Questa operazione di “riportare a casa la taranta”, che invece in un’ampia pubblicistica recente e forse nel sentire comune dei nostri tempi viene vista invece come un fenomeno riguardante precipuamente il Salento leccese, viene condotta da Basile in maniera rigorosa e con una scrittura piacevole e sorvegliata, che non lascia peraltro mai spazio a ipotesi di banale rivendicazione localistica (rischio che pure un testo del genere poteva correre).
Dall’altra parte, il volume contiene anche una sintesi del dibattito riguardante le interpretazioni del fenomeno, anche in questo caso aggiornata ai risultati degli studi più recenti. La prima parte del volume può essere dunque quasi vista – ed è un altro suo merito – come una utile (e piacevole) “introduzione” al tarantismo storico, fra le più riuscite fra quelle che mi sia capitato di leggere.
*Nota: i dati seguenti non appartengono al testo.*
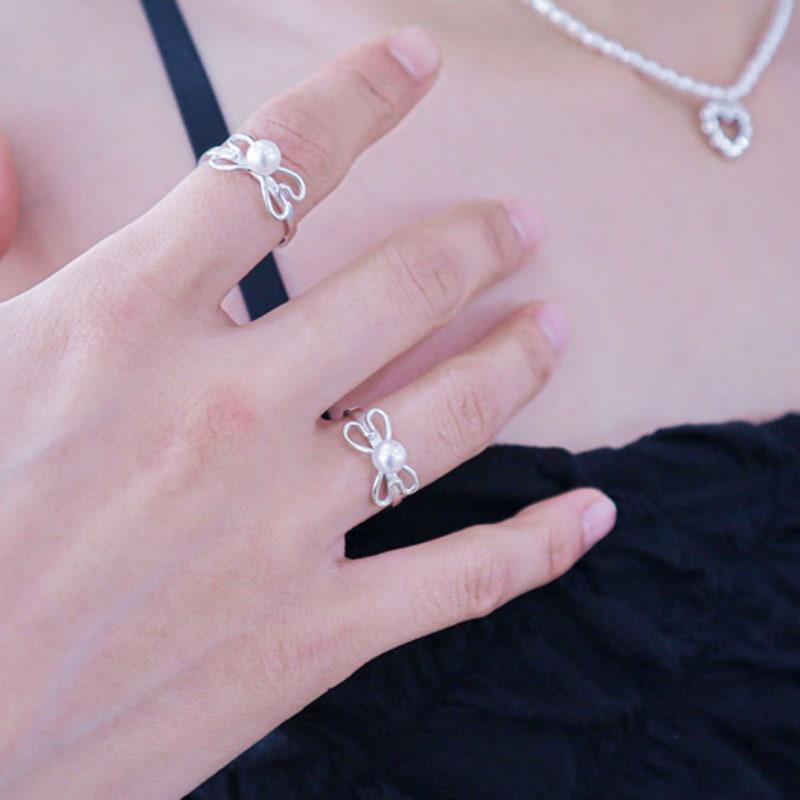 DENERJA PEARL IN LOVE RING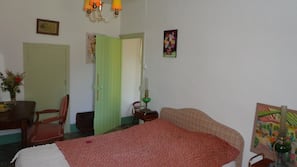 3 chambres, fer et planche à repasser, Wi-Fi, draps fournis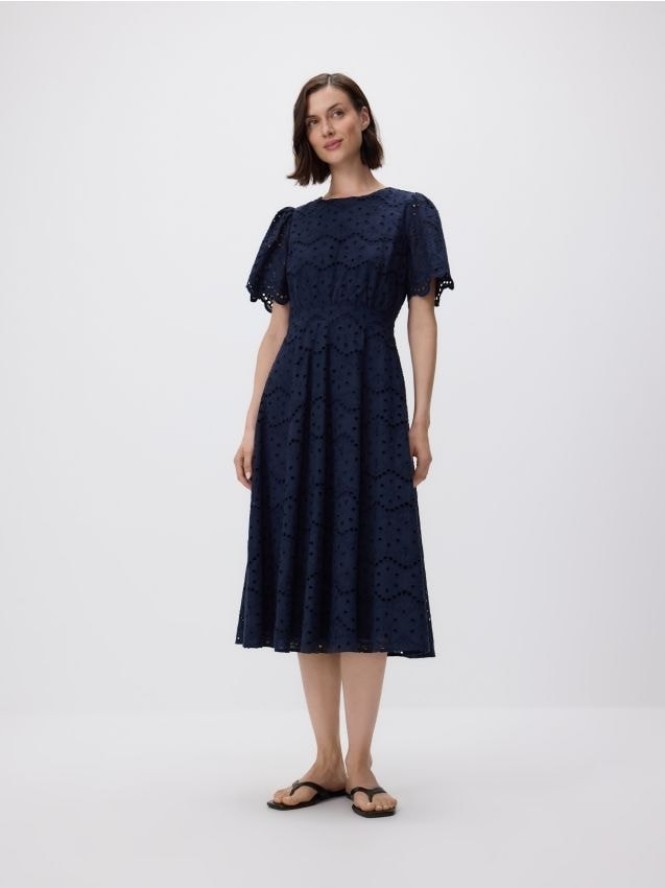 Ażurowa sukienka midi z wiązaniem - granatowy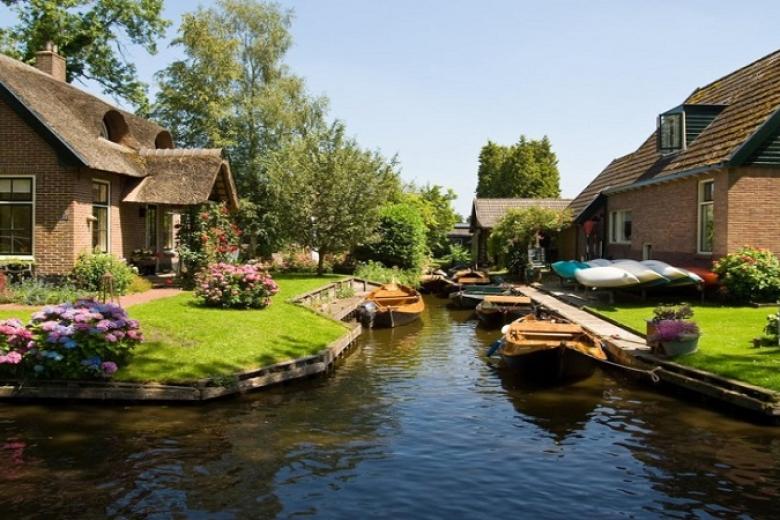 Làng cổ Giethoorn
Al di là di questo, dalla lettura di Gioconda miseria si ricavano anche molti utili stimoli per un rilancio della ricerca, in varie direzioni. Ad esempio, mi pare che ci siano almeno due questioni centrali su cui sarebbe interessante approfondire. La prima è quanto la presenza di un “tarantismo senza santi”, o almeno senza San Paolo, metta in discussione l’analisi demartiniana del fenomeno, che vedeva ad esempio proprio nella “colonizzazione” del rito da parte della Chiesa attraverso l’elezione di San Paolo a “patrono” dei tarantolati e la giustapposizione della visita finale alla cappella di Galatina al precedente rituale “pagano” uno dei fattori che hanno gradualmente condotto il fenomeno alla consunzione e alla scomparsa. Gioverebbe molto, per affrontare questo tema, che i dati provenienti della letteratura storica – compiutamente segnalati da Basile, potessero essere integrati da un lavoro organico di ricerca “sul campo” nei territori coinvolti. Da quel poco che ne so, considerato anche che le ultime istanze del tarantismo nei paesi della fascia che va da Taranto ad Ostuni sono documentate fino a pochi decenni fa, penso che potrebbero venire fuori cose molto interessanti.
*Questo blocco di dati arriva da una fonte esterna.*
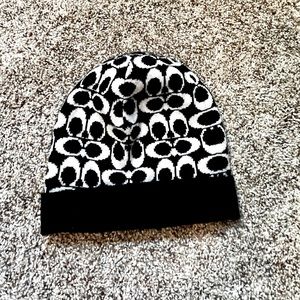 COACH Black & White Signature C Print Logo Knit Beanie Winter Hat
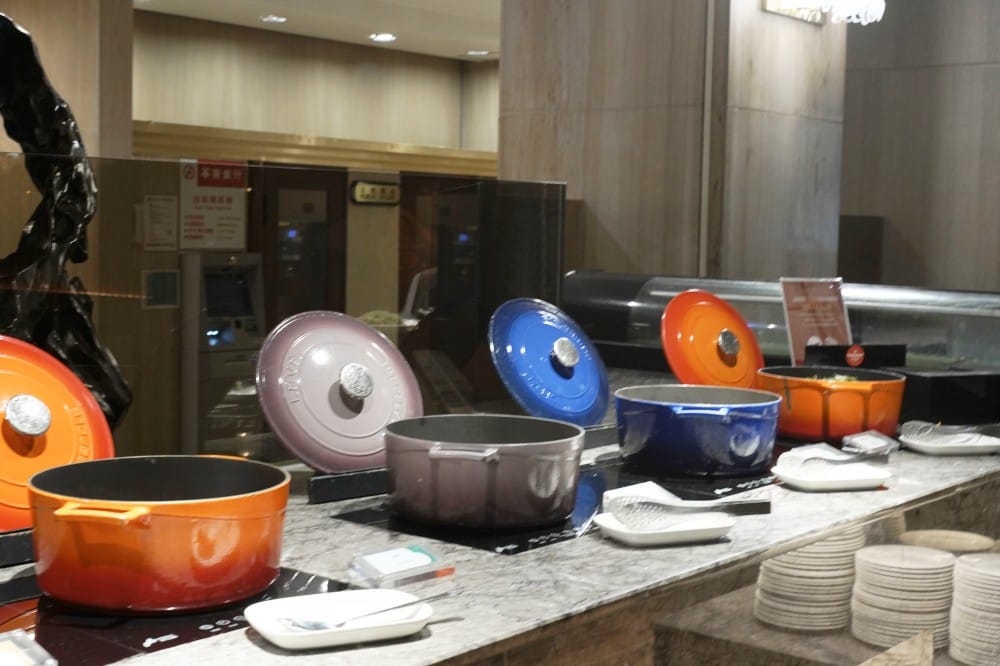 台北福華大飯自助餐吃到飽｜彩虹座自助早餐吃到飽菜色大公開，台北五星級飯店早餐吃到飽推薦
Inoltre, c’è il tema della musica: la specificità del tarantismo “non salentino” si rifletteva in qualche modo anche sul repertorio musicale usato nella “terapia”, oppure su quello che, pur se usato in altra funzione, conservava una qualche “memoria” del rito? Questo lascerebbero supporre i risultati delle ricerche degli ultimi anni, condotte fra gli altri da Giovanni Amati e da Massimiliano Morabito, che hanno documentato, sempre nella fascia a nord del Salento, un ricco patrimonio di “tarantelle”, una parte delle quali probabilmente una volta usate nella terapia musicale, che presentano somiglianze ma anche importanti diversità dai repertori più meridionali.